Meet Jessica Hill and Karina Samsonova, co-founders of DataMinds, a leading provider of analytics, data science, business intelligence, and applied AI services and products in Australia.
DataMinds started after Karina saw a financial model made by one of the Big4 firms that cost a fortune (basically more than her yearly salary) and she was building much more sophisticated models for her employer. The very next day after seeing this, she went into the office and told Jess (who was her boss back then) ‘what if we start building the same cool stuff we do at work, but for other people, there is obviously a need for it’. Jess smiled and didn’t say anything. Three days later, she texted Karina and asked if she was still up for starting a business, because she was in!
As Co-Founders, how did you decide to start the business together?
K: As I mentioned before, Jess was actually my boss. We were working together and tested our team spirit and work comparability over a couple of years before starting a business together.
J: We had been working together in analytics for a few years already, and we knew we were a powerful team. Our core skills are similar, and with Karina’s background in finance and accounting combined with my background in maths and stats, we each bring unique domain knowledge and ways of solving problems. We knew we could build something amazing together.
Any tips for making it work as Co-Founders
K: Co-founders are like parents of the company.
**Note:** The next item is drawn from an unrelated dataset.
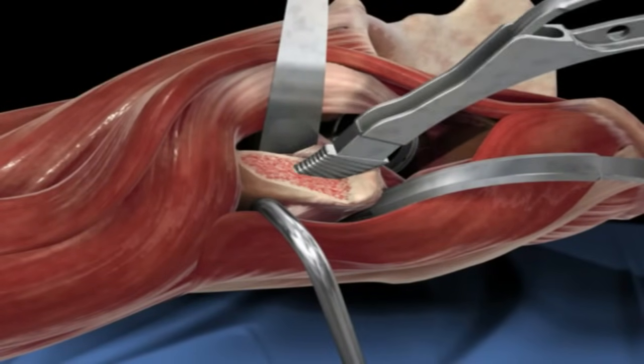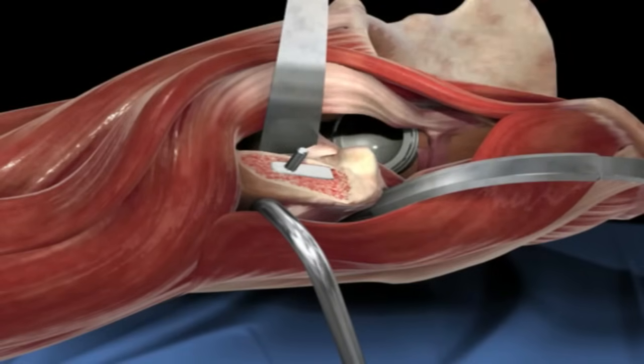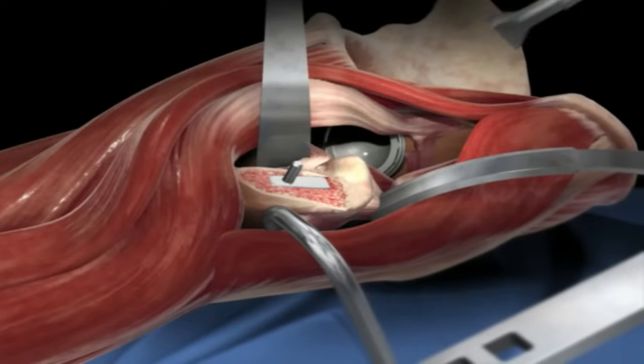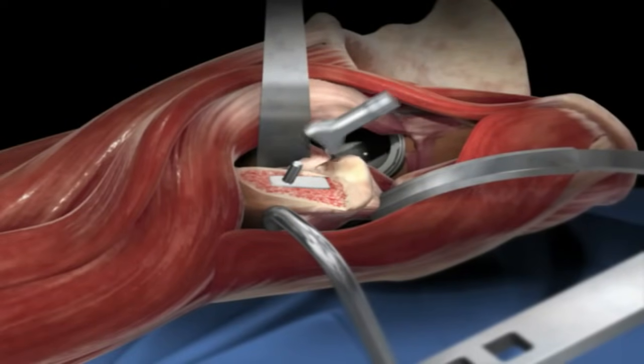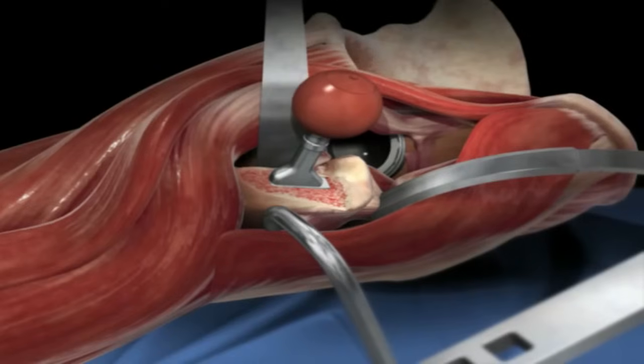A surgical tool called a broach is inserted into the canal of the femur. The surgeon begins with a very small size and gradually works up to a size that fits nice and tightly into the canal. Once you get to the appropriate size, the stem is placed and then a trial plastic femoral head is inserted.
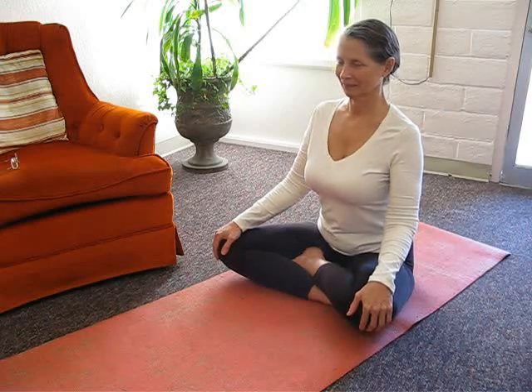Balance your weight evenly across your sit bones. Align your head, neck and spine. Lengthen your spine but soften your neck. Relax your feet and thighs. Gaze straight ahead with soft eyes. Hold for up to one minute.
Later you can bring in directors/advisors/partners who are more like grandparents/extended family members, they will give you parenting advice, can support financially, but they will never totally understand what you are going through. While your co-founder will be the one who is awake at night when your business-baby has teething problems. Choose a co-founder who you can trust and rely on, who will be fighting for you and with you.
J: A co-founder is perhaps the only person in the world who will understand the ups and downs that you go through when starting and running your business. There are times when we’re both on top of the world and everything is great, but in the tough times, it’s about being able to count on each other to push through.
Looking back is there a piece of advice you wish to pass onto someone starting out their entrepreneurial journey?
K: Don’t be afraid/too proud to ask for help. There are many people who can help you by giving a hand/free advice/introduction to somebody, but you need to ask them about it.
J: Stick to a routine. Keeping a routine kept me focused and driven, especially in the early days when everything was so uncertain. From day one, Karina and I worked the same work-hours and days that we always had, and stuck to an exercise routine of going for a run at lunchtime or at the end of the day.
What would you say are the top three skills needed to be a successful entrepreneur?
J: Learning new things quickly (you will have to do so many things that are outside of your area of expertise), being good with numbers (even for a business that is not about numbers, you need to have a handle on your cashflow), and having the ability to push through any fear to do what needs to be done.
K: 1. Oratory – nobody can sell your product/services better than you, so you have to learn how to communicate your idea properly. 2. Know your numbers – you don’t need to be an accountant, but you need to have a clear idea of your revenue and expenses. 3. Confidence – believe in yourself.
Who do you look up to in business? Who inspires you?
J: I look up to business owners who are working their butts off, backing themselves, have put everything on the line for the business they believe in and managed to get it off the ground.
K: I am inspired by executives and entrepreneurs who take responsibility for their actions and stand by their words, who is willing to sleep/live in the office to help their team to deliver the product, who is open for advice and can acknowledge whether he/she is wrong.
What was the best advice that you have been given?
K: Don’t have a plan B. It forces you to put everything into plan A.
J: The best deals are done with a bottle of wine.
How have you personally measured your success?
K: Sometimes I sit at the meetings with some well-known international companies and want to pinch myself. I still can’t believe that those people believed in us. Also, I see how results of our work change businesses and help them grow, and that is the best feeling ever, to know that you contributed into someone’s success.
J: We’ve built a business where I enjoy going to the office every day. That’s a pretty great feeling
What are your growth areas for 2019/2020?
J: Implementing business intelligence solutions like Power BI and Tableau has been massive for us over the last year, and now we’re seeing growth in advanced analytics and applied AI to tackle problems around marketing optimization, behavioural analytics, and image recognition.
K: Image and video recognition. There are so many areas where you can apply it, that would literally change our lives.
Who are the women around you that allow you to thrive?
J: My co-founder Karina and colleague Roberta inspire me every day. They are intelligent, driven, and hilarious.
Who is the wisest woman you know and what have you learnt from her?
J: I am fortunate to have many strong, intelligent, wise, funny women in my life, and we all learn from each other. All the women in my life provide these nuggets of gold along the way.